Paper detail

Training Data Selection for Accuracy and Transferability of Interatomic Potentials

Advances in machine learning (ML) techniques have enabled the development of interatomic potentials that promise both the accuracy of first principles methods and the low-cost, linear scaling, and parallel efficiency of empirical potentials. Despite rapid progress in the last few years, ML-based potentials often struggle to achieve transferability, that is, to provide consistent accuracy across configurations that significantly differ from those used to train the model. In order to truly realize the promise of ML-based interatomic potentials, it is therefore imperative to develop systematic and scalable approaches for the generation of diverse training sets that ensure broad coverage of the space of atomic environments. This work explores a diverse-by-construction approach that leverages the optimization of the entropy of atomic descriptors to create a very large ($>2\cdot10^{5}$ configurations, $>7\cdot10^{6}$ atomic environments) training set for tungsten in an automated manner, i.e., without any human intervention. This dataset is used to train polynomial as well as multiple neural network potentials with different architectures.
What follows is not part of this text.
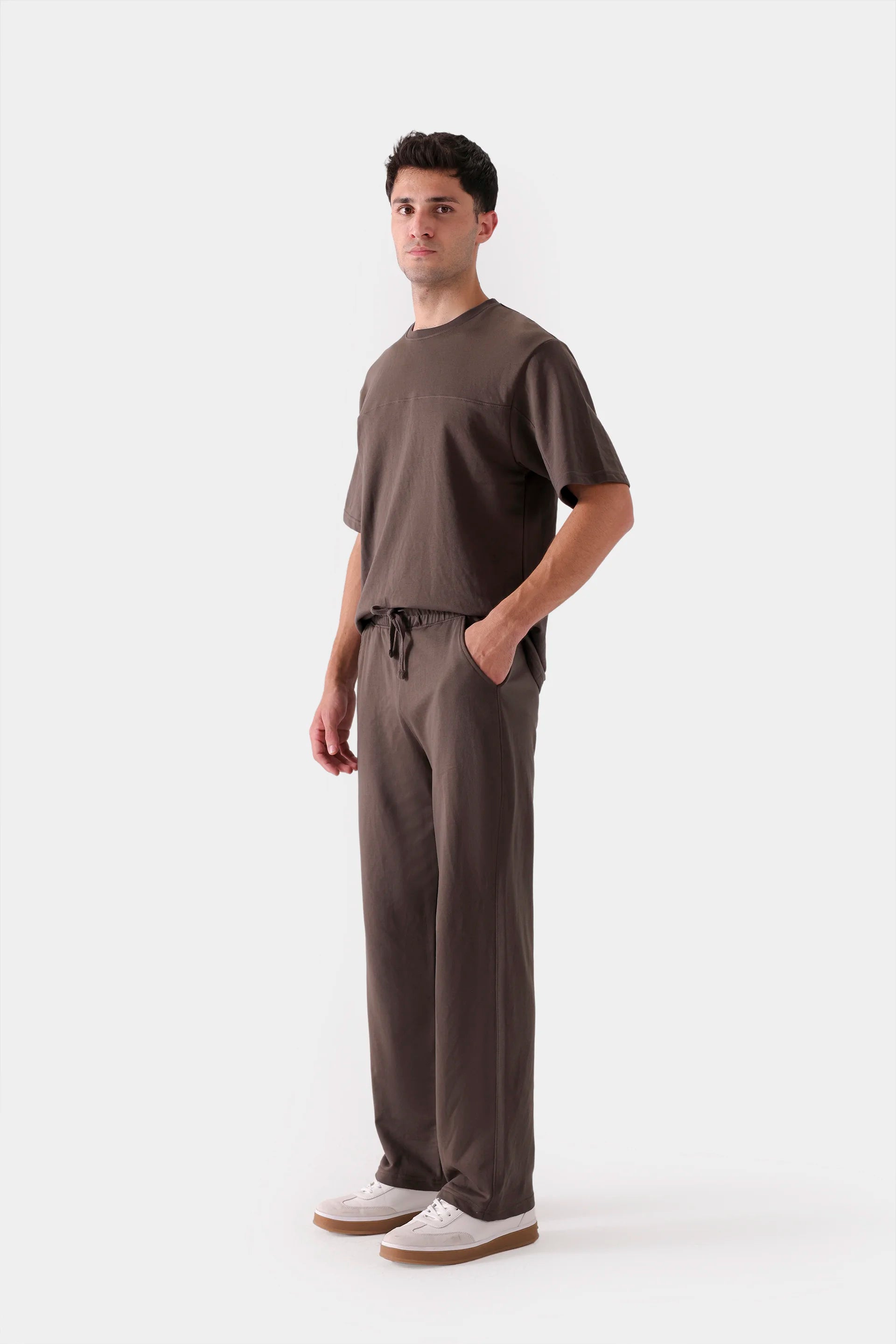 Relaxed Terry Trousers - Cougar Clothing
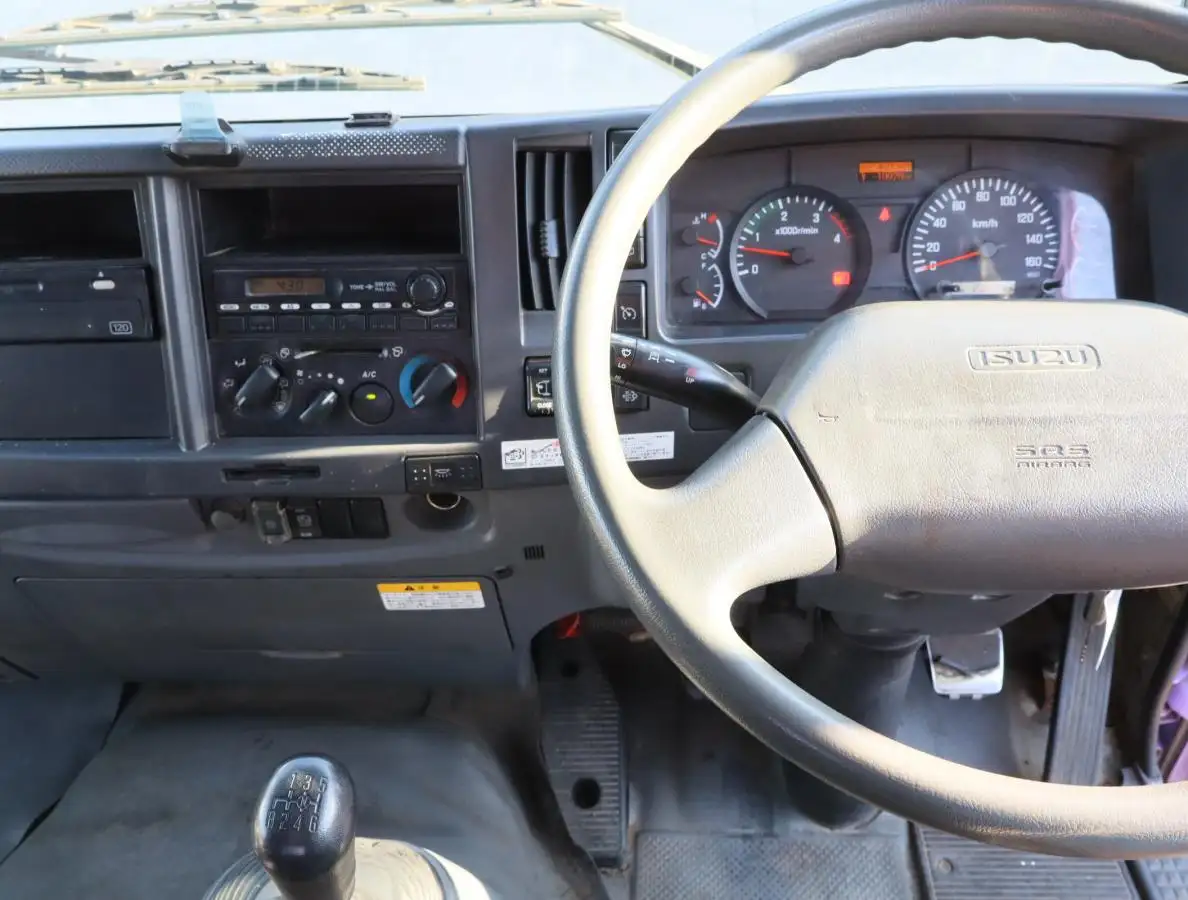 いすゞ フォワード 中型/増トン パッカー車 巻き込み式 回転ダンプ式の中古トラック画像12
For comparison, a corresponding family of potentials were also trained on an expert-curated dataset for tungsten. The models trained to entropy-optimized data exhibited vastly superior transferability compared to the expert-curated models. Furthermore, while the models trained with heavy user input (i.e., domain expertise) yield the lowest errors when tested on similar configurations, out-sample predictions are dramatically more robust when the models are trained on a deliberately diverse set of training data. Herein we demonstrate the development of both accurate and transferable ML potentials using automated and data-driven approaches for generating large and diverse training sets.